Source records —
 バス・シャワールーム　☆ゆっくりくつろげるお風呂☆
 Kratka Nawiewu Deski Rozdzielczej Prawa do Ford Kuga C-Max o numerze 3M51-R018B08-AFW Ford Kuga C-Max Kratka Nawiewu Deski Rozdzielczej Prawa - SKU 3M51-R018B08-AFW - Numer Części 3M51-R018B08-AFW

==

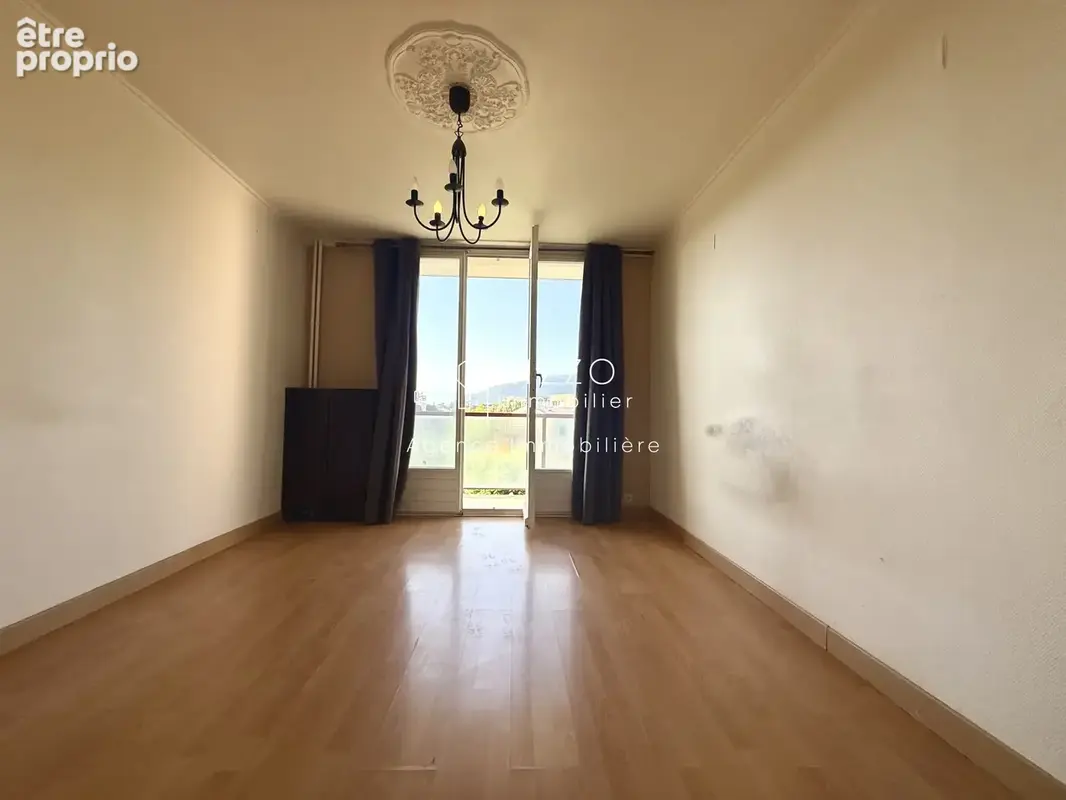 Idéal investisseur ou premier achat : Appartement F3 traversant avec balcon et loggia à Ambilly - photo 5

What to work on — Retype only the stretch of lines above starting at the one with "バス・シャワールーム　☆ゆっくりくつろげるお風呂☆" and stopping at the one with "Kratka Nawiewu Deski Rozdzielczej Prawa do", exactly as written, with both kept.

Exercise answer —
 バス・シャワールーム　☆ゆっくりくつろげるお風呂☆
 Kratka Nawiewu Deski Rozdzielczej Prawa do Ford Kuga C-Max o numerze 3M51-R018B08-AFW Ford Kuga C-Max Kratka Nawiewu Deski Rozdzielczej Prawa - SKU 3M51-R018B08-AFW - Numer Części 3M51-R018B08-AFW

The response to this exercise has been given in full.